Traditional Chicken Stock: Recipe
Tara Carpenter, NC.
Holistic nutrition for people on The Body Ecology Diet (B.E.D.).
Originally published: September 19, 2019
Chicken stock, like any meat stock, is rich in minerals, gelatin, and collagen; all of which can keep bones and teeth strong; joint ligaments supple; and hair soft. I personally experienced my hair improving tenfold!! I started drinking a quart of stock a day and in a matter of weeks, my hair softened with much less grey … thank God for collagen.
There always seemed to be a pot of soup simmering on the back burner of our stove growing up. My mother would toss in a whole chicken, couple of onions, carrots, celery, herbs, garlic and then top off with cold water. The smell, especially of bay leaves wafted up through my floorboards; enticing me down for the day ahead and for breakfast 🙂
As a mom myself now, I usually make meat stock once or twice a week using a version of the recipe below. We go through stock faster in the winter as I serve a mug of hot stock with near everything under the sun then. What kind of stock I make depends on the meat on-bone and vegetables I have on hand.
You can find my writing of the benefits of bone stock here.
Chicken Stock Recipe
Makes: about 4 quarts
- 4-5 lb whole, pastured chicken ~or equivalent weight in bony parts (neck, back, breastbone, wings, joints)
- Gizzards from one chicken (optional)
- 2-4 chicken feet (optional)
- 6-12 eggshells, cleaned (optional)
- 5-6 quarts cold filtered water
- 2-3 Tbs. acid (i.e., raw apple cider vinegar, lemon) *
- 1 large onion, peeled and chopped
- 3 large carrots, chopped
- 4 celery stalks, chopped
- 1 bunch parsley
Remove gizzards from cavity as well as the wings and neck – If bird head is intact, keep it there – all the better for stock.
Place chicken or bones in a stainless steel/ceramic pot with all but parsley and allow to stand for 30-60 minutes.
Bring to a slow, gentle boil – removing scum that rises to the surface; reduce heat, cover, and simmer 2 hours.
Remove the whole chicken from pot and separate meat from bones (If using bones only, leave alone and simmer 6-24 hrs).
Place cleaned carcass back into pot, cover, and simmer another 4-22 hrs.**
Add parsley 10 minutes prior to stock being finished for extra minerals.
Strain stock into wide-mouth glass Mason jars that you are sure do not have cracks in them! I place my jars on a kitchen towel laid inside a bowl — before filling — in case one has a hairline fracture. After losing jars because of this, this has become my method. Can also pour into another pot. Either way, allow to cool slightly, then place in fridge until you see a beautiful layer of fat coagulate/rise to the top and harden like a layer of beeswax***. When stored this way, stock keeps longer in the fridge; one of Nature’s preservers 🙂
Screw on a fitting lid (only when the insides of jar are completely cooled off, otherwise moisture will rise above the fat and cause mold. I open my jars the day after closing them to wipe the inner top lid with a paper towel.

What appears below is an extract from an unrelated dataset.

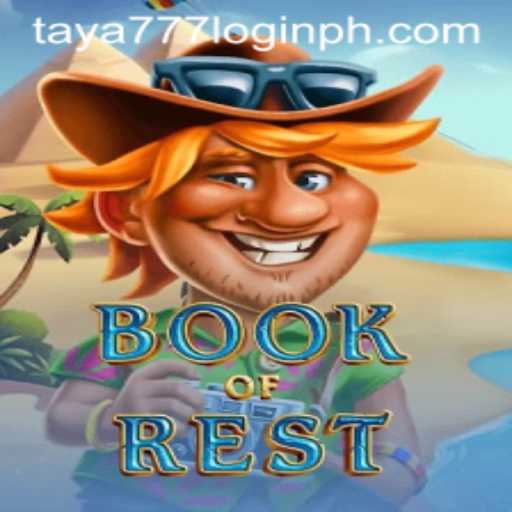 Unveiling the Mystique: Exploring the World of BookofRest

Store in fridge for up to 1 week or freeze up to 3 months.
Tips & Tricks
Chicken feet are gelatin-rich and worth the effort to source. Purchase from a local butcher, farmer, or at freerangechicken.com. I use 2 chicken feet per gallon of water.
Substitute another meat on-bone for the chicken (i.e., lamb, deer, beef). Note: beef bones are dense and can cook up to 72 hours.
*Soaking bones in an acid prior to cooking leeches more valuable minerals (calcium, phosphorous, sulphur) from the bones and puts them into your stock which eventually gets into your body and will be a more mineral-rich version 🙂
**Cook 6-8 hrs. only if you are in the beginning stages of healing your digestion with stage 1 of B.E.D. As your digestion improves, you can cook the bones longer without worrying about irritating your gut. Keep in mind that stock cooked longer than 24 hours can acquire an “off taste” (unless using dense bones like cow).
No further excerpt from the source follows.